Once at Wedgemount, the possibilities are endless. There is easy access to the Wedge Glacier and from there the 9,500 foot summit of Wedge Mountain, the highest in the Whistler region. Also easily accessible are Mt. Weart, Parkhurst Mountain, Rethel Mountain, and Mt. Cook. All of these summits are worthy objectives in Garibaldi Provincial Park.
It is therefore not surprising, then, that the lake itself is somewhat forgotten amongst all of this splendor. This is a great day hike, all within minutes of a comfortable hotel room and great food and drink in Whistler.
To get to the trailhead, drive 7 miles north of Whistler on BC-99, looking for the Wedgemount Lake sign on your right. Turn off there, and drive 1.2 miles to the huge parking lot.
The trail was brutal. There is no other way to put it. The stats tell the whole story, as the trail gains 3600 feet in 3.5 miles over rough, rocky, rooty dirt and mud. Soon after leaving the trailhead, I crossed over Wedgemount Creek over two separate bridges. The sound of the water falling over rocks is deafening here, and you definitely don't want to fall. After crossing over, the trail climbed through forest that looks like it's growing back after having been logged maybe 40-50 years ago.
Finally, after about a mile, I arrived in cool forest. From here, the trip is not especially notable until about the three mile marker. At this point, I broke out of the trees, and could see the cliffs of Mt. Weart, Rethel Mountain, and Parkhurst Mountains looming above me. As the trail climbed through marshy meadows, it came to a headwall, and then went straight up. This is probably the steepest part of the trip, and I was glad to have trekking poles for it. At the top of the headwall, I walked through alpine meadows of heather and flowers to Wedgemount Lake.
The lake is absolutely stunning.

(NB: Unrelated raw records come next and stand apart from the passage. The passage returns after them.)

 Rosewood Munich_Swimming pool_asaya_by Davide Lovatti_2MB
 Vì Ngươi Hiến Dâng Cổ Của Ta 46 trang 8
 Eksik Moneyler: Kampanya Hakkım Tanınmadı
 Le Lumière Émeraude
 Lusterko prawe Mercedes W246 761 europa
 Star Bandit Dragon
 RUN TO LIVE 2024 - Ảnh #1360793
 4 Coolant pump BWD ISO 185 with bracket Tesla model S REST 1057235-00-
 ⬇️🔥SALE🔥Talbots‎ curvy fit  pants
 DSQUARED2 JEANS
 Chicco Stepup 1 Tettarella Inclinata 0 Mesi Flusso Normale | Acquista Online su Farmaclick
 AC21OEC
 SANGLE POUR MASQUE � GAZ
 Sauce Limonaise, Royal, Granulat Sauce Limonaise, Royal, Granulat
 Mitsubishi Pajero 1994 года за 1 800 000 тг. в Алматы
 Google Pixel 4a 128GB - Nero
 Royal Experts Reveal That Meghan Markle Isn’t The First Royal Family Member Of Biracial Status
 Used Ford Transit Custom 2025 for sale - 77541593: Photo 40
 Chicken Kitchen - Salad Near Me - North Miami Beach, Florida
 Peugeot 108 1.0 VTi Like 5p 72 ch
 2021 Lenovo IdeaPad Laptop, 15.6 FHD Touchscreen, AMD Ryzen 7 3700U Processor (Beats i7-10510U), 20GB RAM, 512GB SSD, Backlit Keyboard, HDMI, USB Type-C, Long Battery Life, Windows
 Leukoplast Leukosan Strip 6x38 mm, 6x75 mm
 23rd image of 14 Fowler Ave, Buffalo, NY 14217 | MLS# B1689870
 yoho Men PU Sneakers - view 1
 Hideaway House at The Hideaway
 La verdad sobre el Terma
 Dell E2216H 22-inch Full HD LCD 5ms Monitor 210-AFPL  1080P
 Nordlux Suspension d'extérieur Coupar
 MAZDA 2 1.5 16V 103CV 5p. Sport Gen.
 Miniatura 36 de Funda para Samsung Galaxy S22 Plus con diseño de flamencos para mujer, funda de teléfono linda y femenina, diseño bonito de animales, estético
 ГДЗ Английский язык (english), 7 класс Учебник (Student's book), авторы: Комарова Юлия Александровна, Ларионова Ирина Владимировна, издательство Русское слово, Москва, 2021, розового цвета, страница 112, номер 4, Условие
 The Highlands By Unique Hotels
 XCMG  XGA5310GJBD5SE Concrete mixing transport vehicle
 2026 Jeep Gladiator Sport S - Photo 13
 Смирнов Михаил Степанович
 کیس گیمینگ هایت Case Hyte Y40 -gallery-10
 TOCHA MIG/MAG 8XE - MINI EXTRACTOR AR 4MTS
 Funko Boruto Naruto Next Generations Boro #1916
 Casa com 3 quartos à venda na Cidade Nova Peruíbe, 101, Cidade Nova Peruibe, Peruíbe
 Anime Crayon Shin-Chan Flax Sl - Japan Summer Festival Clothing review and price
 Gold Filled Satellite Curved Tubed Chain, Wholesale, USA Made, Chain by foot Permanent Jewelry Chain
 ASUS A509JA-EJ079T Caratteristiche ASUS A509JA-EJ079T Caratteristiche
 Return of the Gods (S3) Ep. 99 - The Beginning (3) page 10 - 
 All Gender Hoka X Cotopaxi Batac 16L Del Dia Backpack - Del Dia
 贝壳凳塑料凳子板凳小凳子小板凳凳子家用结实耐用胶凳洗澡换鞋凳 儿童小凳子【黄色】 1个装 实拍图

The Provincial Park has installed wooden platforms among the boulder fields surrounding the lake to provide a flat area to pitch your tent. There had to be at least ten of these wooden platforms. The authorities have obviously taken great pains to make sure that the vegetation in the area is not damaged. There were two structures at the lake; one was the BC mountaineering hut, and the other was an elevated latrine.
After a brief lunch, I walked down about 200 feet to the lake shore. There is a good trail that follows the shorline of the lake. The Wedge Glacier's terminus nearly reaches the lake. In recent photos I've seen the glacier actually reached the lake, so there has been some obvious glacial recession here. There are numerous braided streams that come off of Mt. Weart to the north and wind their way to the lake. The stream beds are surrounded by fields of beautiful pink flowers. This was just a great place to hang around, admire the scenery, and take pictures.
I saw some climbers coming off of the Wedge Glacier and walking around the lake shore. They had been successful in their summit bid for Wedge Mountain. There is so much mountaineering close at hand here, I felt really sad that I was by myself and unequipped for a summit attempt. The next time I go, I will make a camp for 3 nights and try to tackle Wedge, Weart, and Parkhurst. If you come up here, all of the summits except Mt. Cook require knowledge of glacier travel techniques and equipment. The only problem with this is that I don't relish the idea of carrying all of that gear up that trail.